Hier der business-panorama.de - Artikel vom 02.05.2011 im Wortlaut:
Breitband für alle? Der Unmut wächst
"Breitband für alle" hieß es noch vor zwei Jahren aus den Mündern von Politikern und Netzbetreibern. Der flächendeckende Ausbau von schnellem Internet in ganz Deutschland lässt aber weiter auf sich warten. Der "Bundesverband Initiative gegen digitale Spaltung" (geteilt.de) hat jetzt zum wiederholten Mal seinen Unmut darüber geäußert und bezichtigt die Lobbyverbände der Wirtschaft VATM, Breko und Bitkom der bewussten kollektiven Abwehrhaltung. Nach Ansicht des geteilt.de-Sprechers Bernd Rudolph wolle die Wirtschaft offenbar nicht für den flächendeckenden Ausbau des deutschen Breitbandnetzes verantwortlich gemacht werden.
Grund für deren Aufregung sei wohl der außer von der FDP von allen im Bundestag vertretenen Parteien diskutierte Weg hin zu einer gesetzlich garantierten Breitbandversorgung für alle. Wie Telefon, Strom und Wasser sollte danach bald allen Bürgern der Zugang zum schnellen Internet ermöglicht werden - also ein sogenannter "Universaldienst", den geteilt.de bereits seit Jahren fordert.
Stattdessen versuche die Wirtschaft immer noch vergeblich, die digitale Spaltung vom Markt auflösen zu lassen. Doch auch zwölf Jahre nach dem Start der DSL-Vermarktung seien noch immer Millionen Haushalte un- oder unterversorgt. Seit einigen Jahren werde ohne Förderung fast gar nichts mehr ausgebaut. "Ein solches Marktversagen als Erfolgsmodell zu verkaufen, ist dreist", urteilt Rudolph.
Den Verweis auf Funktechnologien wie LTE (Mobilfunk der 4. Generation) lässt die Initiative dabei nicht gelten. Denn um diese Netze vor Überlastung zu schützen, würden die Volumen seitens der Betreiber begrenzt. Zudem dürften in den Funkzellen mit zehn Kilometern Durchmesser und hunderten Nutzern die Bandbreiten schnell deutlich unter die bei Anbietern so beworbene "bis zu"-Grenze absinken. Rudolph: "Mobilfunk ist kein Festnetzersatz und wird dies wohl auch nie sein. Die Unternehmen sollten aufhören, den Bürgern hier ein X für ein U vorzumachen."

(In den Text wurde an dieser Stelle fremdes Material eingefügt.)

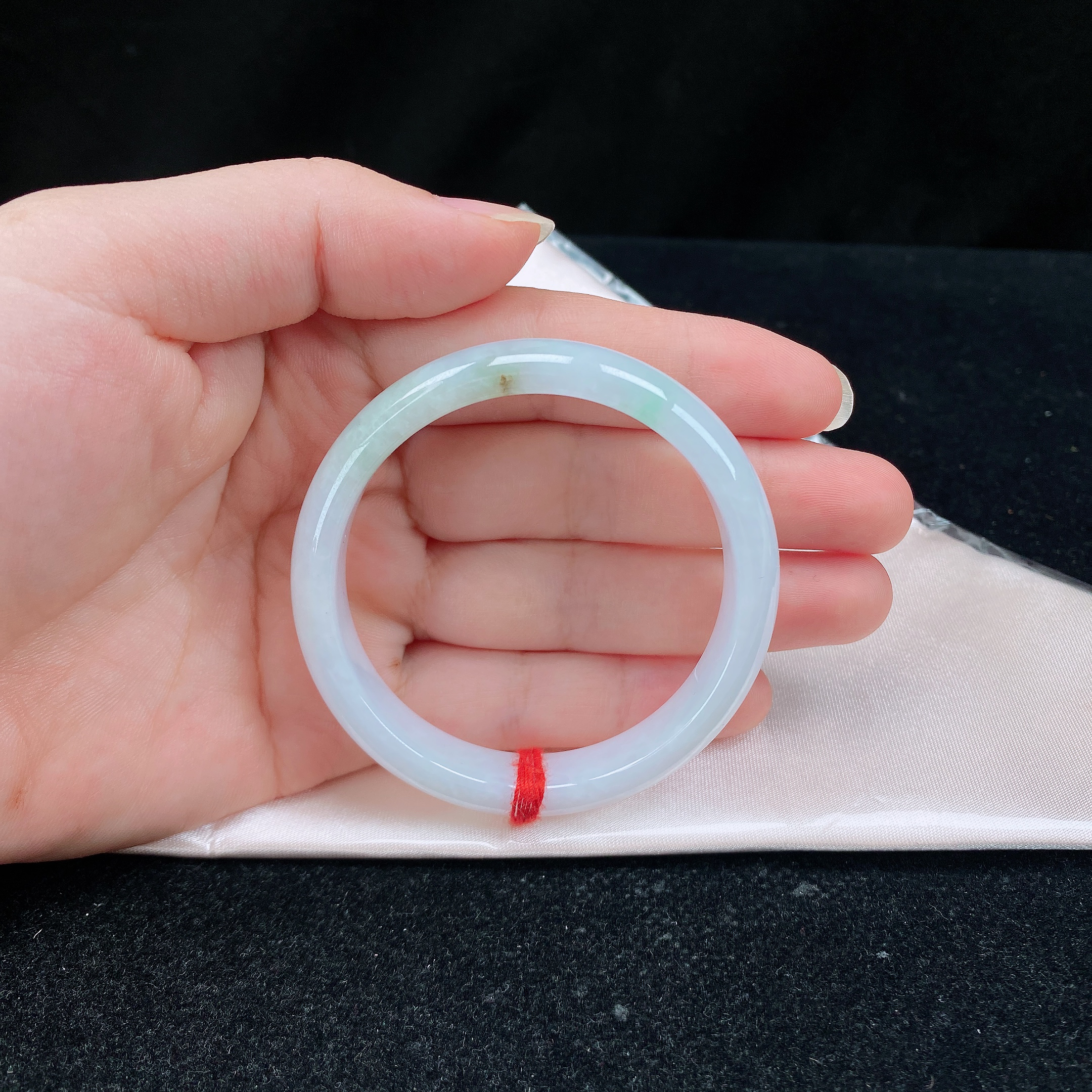 53圈口缅甸翡翠A货老坑细糯种牛奶底飘绿点正圈手镯玉镯正品珠宝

Zumal der Ausbau der LTE-Netze offenbar sowieso nicht recht in die Gänge kommt. Nach Informationen des Fachmagazins "Computer Bild" gibt es den Mobilfunk 4G bisher nur bei der Telekom und Vodafone. E-Plus habe erst gar keine dieser Frequenzen ersteigert und O2 will seinen Ausbau erst Mitte des Jahres starten. Die Telekom hat erst 200 000 der avisierten 1,3 Millionen Haushalte mit LTE versorgt. Und dort, wo es LTE schon gibt, scheint die Realität den Kritikern Recht zu geben: Beim Telekom-Angebot "Call & Surf Comfort via Funk" etwa gibt es für knapp 40 Euro pro Monat bislang höchstens drei Megabit pro Sekunde - theoretisch verspricht die Technologie aber maximal 100 Megabit pro Sekunde. Zum Vergleich: Im DSL-Netz sind 16 Mbit/s bei der Telekom fünf Euro günstiger.
Auch der Vorwurf der Geschwindigkeitsdrosselung ab einer bestimmten monatlichen Datenmenge ist laut dem Magazin zutreffend: Flatrates ohne Limit gebe es via LTE weder bei Vodafone noch bei der Telekom. Zu guter Letzt bleibt das Problem der Monopolisierung: LTE im Gegensatz zu DSL sorgt dafür, dass es vielerorts keinen echten Wettbewerb zwischen Anbietern gebe und die Kunden deshalb auf Wohl und Wehe von Monopolisten wie der Telekom angewiesen seien.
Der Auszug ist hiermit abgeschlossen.